▶ [What the task requires] All lines of the records below that contain the word "Black" must be listed.

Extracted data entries
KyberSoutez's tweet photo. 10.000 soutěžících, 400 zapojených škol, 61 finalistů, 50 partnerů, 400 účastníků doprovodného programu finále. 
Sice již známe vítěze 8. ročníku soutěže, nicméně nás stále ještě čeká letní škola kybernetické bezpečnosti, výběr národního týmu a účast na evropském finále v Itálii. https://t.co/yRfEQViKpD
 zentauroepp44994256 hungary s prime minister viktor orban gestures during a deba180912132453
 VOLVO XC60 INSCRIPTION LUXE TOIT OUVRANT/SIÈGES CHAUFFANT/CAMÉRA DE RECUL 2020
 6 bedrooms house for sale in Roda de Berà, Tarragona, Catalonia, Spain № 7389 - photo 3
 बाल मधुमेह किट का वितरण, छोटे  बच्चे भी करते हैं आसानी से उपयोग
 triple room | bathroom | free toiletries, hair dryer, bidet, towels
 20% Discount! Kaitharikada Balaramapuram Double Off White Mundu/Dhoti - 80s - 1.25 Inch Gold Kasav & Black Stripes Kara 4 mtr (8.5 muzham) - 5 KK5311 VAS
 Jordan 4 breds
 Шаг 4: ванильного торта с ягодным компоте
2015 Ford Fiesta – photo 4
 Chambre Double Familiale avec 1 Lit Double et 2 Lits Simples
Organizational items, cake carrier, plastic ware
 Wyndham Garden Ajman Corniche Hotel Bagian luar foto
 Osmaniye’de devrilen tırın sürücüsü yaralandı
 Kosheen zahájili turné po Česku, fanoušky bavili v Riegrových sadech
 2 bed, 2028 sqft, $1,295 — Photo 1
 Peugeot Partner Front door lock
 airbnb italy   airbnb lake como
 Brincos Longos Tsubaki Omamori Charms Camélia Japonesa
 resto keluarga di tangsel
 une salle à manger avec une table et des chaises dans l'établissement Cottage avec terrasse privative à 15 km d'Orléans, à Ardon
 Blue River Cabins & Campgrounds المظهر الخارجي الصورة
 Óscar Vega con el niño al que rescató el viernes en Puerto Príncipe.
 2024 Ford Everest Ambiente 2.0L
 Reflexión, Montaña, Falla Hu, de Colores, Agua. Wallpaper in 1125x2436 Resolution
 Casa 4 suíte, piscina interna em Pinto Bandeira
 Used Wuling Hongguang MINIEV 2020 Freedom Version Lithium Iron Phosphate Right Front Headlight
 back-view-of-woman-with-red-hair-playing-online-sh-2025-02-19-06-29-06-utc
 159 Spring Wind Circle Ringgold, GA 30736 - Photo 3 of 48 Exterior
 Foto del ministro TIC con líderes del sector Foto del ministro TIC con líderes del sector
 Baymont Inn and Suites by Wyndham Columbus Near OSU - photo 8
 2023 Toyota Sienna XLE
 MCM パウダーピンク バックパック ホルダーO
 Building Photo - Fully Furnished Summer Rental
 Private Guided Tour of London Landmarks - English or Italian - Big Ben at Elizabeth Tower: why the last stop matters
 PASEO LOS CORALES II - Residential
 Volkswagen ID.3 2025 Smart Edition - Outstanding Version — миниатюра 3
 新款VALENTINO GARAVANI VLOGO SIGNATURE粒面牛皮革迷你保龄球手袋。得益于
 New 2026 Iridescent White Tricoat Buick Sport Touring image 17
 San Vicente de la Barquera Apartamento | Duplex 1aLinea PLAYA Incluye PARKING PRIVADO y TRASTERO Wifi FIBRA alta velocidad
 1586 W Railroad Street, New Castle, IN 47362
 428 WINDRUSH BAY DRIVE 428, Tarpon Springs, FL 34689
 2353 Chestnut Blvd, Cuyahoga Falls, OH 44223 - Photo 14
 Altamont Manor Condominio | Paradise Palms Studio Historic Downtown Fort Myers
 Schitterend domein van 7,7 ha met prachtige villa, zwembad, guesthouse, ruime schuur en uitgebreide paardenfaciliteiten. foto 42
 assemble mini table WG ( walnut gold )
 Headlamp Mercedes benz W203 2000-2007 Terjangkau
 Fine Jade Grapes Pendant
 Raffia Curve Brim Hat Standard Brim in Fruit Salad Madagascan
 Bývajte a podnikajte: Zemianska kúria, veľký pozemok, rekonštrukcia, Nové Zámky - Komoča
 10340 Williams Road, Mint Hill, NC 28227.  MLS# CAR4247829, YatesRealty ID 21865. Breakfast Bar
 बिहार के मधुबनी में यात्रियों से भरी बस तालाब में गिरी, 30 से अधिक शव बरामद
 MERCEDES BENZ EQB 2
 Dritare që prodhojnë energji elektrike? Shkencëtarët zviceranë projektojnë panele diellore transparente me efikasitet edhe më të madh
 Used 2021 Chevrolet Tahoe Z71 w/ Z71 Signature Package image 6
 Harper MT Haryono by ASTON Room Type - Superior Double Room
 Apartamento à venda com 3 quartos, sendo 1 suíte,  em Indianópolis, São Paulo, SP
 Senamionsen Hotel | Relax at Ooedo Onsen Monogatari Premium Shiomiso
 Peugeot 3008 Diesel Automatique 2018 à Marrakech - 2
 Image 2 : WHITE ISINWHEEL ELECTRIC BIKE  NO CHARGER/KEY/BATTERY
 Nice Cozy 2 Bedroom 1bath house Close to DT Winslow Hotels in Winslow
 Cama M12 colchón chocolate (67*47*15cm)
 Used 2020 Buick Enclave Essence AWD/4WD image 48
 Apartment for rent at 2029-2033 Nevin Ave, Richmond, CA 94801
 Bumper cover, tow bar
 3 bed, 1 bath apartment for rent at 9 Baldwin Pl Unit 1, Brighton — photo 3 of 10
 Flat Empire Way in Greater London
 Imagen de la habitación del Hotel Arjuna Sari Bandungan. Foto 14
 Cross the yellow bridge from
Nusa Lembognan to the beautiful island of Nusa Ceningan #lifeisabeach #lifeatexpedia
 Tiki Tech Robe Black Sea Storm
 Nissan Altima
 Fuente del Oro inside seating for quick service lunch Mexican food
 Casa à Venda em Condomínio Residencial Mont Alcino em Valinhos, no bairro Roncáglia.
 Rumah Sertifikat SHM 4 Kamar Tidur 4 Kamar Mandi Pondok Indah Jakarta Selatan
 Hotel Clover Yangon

▶ [Answer space]
 20% Discount! Kaitharikada Balaramapuram Double Off White Mundu/Dhoti - 80s - 1.25 Inch Gold Kasav & Black Stripes Kara 4 mtr (8.5 muzham) - 5 KK5311 VAS
 Tiki Tech Robe Black Sea Storm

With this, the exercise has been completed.